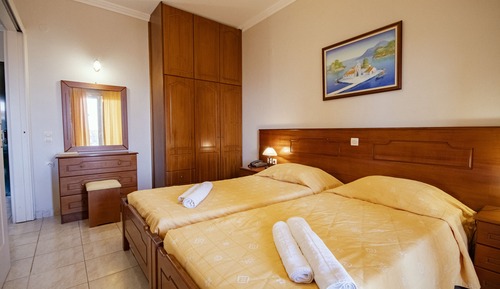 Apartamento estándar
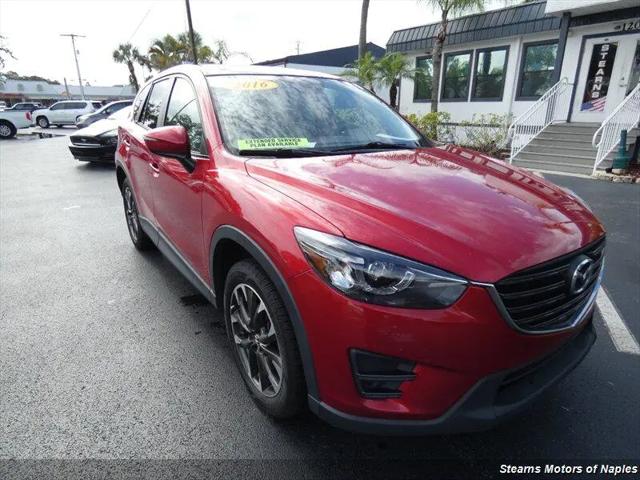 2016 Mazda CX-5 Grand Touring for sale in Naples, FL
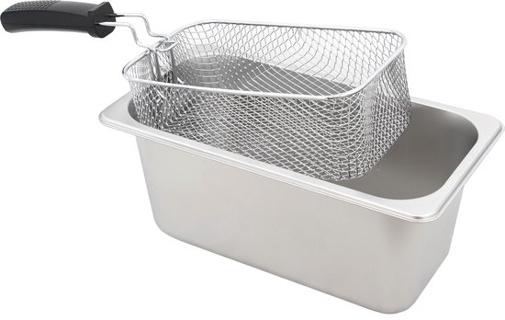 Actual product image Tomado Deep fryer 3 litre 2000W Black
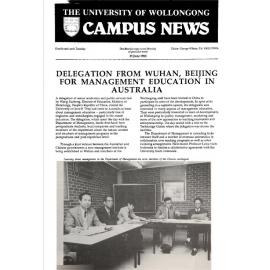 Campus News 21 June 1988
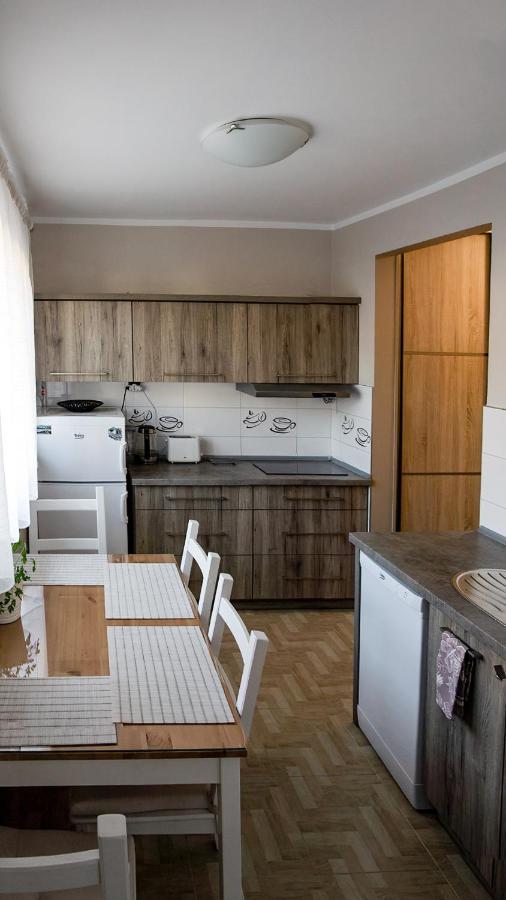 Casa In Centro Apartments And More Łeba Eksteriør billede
____________________
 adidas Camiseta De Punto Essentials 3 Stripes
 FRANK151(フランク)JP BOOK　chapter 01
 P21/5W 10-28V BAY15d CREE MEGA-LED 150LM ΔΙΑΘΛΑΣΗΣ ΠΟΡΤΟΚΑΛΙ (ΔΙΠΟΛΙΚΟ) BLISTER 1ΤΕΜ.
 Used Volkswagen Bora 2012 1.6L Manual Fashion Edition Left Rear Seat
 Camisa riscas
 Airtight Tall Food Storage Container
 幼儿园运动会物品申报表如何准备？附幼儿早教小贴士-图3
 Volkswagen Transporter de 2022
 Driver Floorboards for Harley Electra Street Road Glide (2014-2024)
____________________
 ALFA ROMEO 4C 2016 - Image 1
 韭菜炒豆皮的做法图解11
____________________
* **ABOUT THIS TASK**
Within the entries above, find each line where "Volkswagen" appears; copy every one.

* **SOLUTION TO THIS PROBLEM**
 Used Volkswagen Bora 2012 1.6L Manual Fashion Edition Left Rear Seat
 Volkswagen Transporter de 2022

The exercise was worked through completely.